Networking-equipment-maker Cisco Systems said its fiscal second-quarter revenue and profit gains illustrate that its turnaround strategy and internal revamp are working. The vendor reported a 43.5% increase in net income for the quarter and revenue improvement of about 11%, higher than its forecast. “We believe our vision and strategy are working,” said CEO John Chambers. “We are executing well on our three-year plan to drive earnings faster than revenue. We hit our billion-dollar expense reduction a quarter early,” he added.
Cisco slowed down its usually aggressive acquisition activity during the slump but is now back in the game, Chambers said. The company’s ideal buyout target remains the same: a company with about 100 engineers and a product about to come to market. They are especially interested in companies that Cisco’s customers recommend for acquisition.
The company’s revenue from its flagship products – routing and switching revenue each grew, but by only 8 percent to $3.6 billion and $2.1 billion, respectively. Service-provider video infrastructure, another key focus at Cisco, saw revenue grow 23 percent. The UCS (Unified Computing System) of Cisco’s business grew significantly in the second quarter, with revenue up 91 percent from a year earlier and an accumulated customer count of 10,763. With both these servers and the Nexus line of switches, Cisco expects to gain ground in data centers because of virtualization and cloud strategies, Chambers said. The line will blur between servers, networks and storage, which Cisco is addressing through its partnership with EMC and VMware, Chambers said. Overall, data-center revenue was up 88 percent.
Much of Cisco’s revenue growth in the second period again came from new product lines. The company’s collaboration business, which includes high-end Telepresence videoconferencing systems, was up 10% to $1 billion. Revenue in the group that sells set-top boxes to cable companies grew 23% also to $1 billion. For the current quarter, Cisco forecast revenue growth of 5 percent to 7 percent and non-GAAP earnings of $0.45 to $0.47 per share.
During the earnings conference call, Mr. Chambers stated,
“The major transitions from an information technology to business technology are accelerating in our enterprise, service provider, public sector and commercial accounts, and across most industries and geographies. Although we are only in the early stages of this transformation, our ability to use innovative solutions and intelligent networks to enable our customers to achieve their goals and their growth, productivity, cost savings, new consumption and business models is increasing and achieving increased customer acceptance.
These are, in many ways, unusual times. On one hand, the business feels good. The demand for Cisco products and services is healthy, and our relationship with our customers are the strongest they have ever been. On the other hand, there is significant uncertainty in the broader macro environment, and as such, it is prudent for us to remain conservative in our outlook for the second half of the fiscal year. For the remainder of FY ’12, you can expect us to make the required investments to advance our market leadership and drive innovation while holding to our financial model.”

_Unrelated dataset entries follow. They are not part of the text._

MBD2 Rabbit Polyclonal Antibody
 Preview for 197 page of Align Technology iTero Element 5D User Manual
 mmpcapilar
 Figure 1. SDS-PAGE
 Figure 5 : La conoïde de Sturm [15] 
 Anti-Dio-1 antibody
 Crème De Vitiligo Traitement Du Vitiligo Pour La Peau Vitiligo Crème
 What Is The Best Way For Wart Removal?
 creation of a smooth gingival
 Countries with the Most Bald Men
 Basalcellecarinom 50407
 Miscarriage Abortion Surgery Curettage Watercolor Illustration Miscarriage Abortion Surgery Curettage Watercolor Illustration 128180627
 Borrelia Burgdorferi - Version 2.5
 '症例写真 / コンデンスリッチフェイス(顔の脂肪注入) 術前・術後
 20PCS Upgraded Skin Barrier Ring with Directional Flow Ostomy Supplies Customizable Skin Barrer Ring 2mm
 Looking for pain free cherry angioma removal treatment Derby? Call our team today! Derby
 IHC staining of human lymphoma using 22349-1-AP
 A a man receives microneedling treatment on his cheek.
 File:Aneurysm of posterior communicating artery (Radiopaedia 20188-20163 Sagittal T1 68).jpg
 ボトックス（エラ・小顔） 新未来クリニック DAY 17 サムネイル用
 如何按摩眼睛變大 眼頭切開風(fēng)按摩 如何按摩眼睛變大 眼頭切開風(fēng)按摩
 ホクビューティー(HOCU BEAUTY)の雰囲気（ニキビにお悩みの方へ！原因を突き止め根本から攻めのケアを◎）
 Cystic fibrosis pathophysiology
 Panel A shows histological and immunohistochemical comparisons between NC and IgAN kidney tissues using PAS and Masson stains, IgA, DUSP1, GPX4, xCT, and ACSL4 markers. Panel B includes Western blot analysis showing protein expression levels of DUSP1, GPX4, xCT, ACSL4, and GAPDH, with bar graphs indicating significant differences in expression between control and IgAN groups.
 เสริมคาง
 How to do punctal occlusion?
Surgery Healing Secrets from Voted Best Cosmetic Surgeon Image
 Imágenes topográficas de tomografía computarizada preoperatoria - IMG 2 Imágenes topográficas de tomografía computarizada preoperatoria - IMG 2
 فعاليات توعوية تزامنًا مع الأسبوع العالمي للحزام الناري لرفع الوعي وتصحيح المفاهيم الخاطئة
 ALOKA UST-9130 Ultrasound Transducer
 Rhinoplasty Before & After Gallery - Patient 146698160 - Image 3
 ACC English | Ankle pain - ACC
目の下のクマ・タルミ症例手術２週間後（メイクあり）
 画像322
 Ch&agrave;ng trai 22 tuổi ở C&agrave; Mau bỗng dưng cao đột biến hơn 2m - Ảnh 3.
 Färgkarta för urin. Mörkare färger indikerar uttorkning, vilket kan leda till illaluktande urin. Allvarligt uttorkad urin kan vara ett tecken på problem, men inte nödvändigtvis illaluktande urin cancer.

“This is a validation of their turnaround strategy,” said Brian Marshall, an analyst at ISI Group. Still, he said that after a tough year, the results put Cisco back where it should be.
Transcript of earnings call at: http://seekingalpha.com/article/352431-cisco-systems-ceo-discusses-q2-2012-results-earnings-call-transcript
Comment: While the Cisco’s refocus efforts paid off big in the 2nd quarter, we wonder how the slowdown in global government tech spending and conservative European tech budgets will effect future results.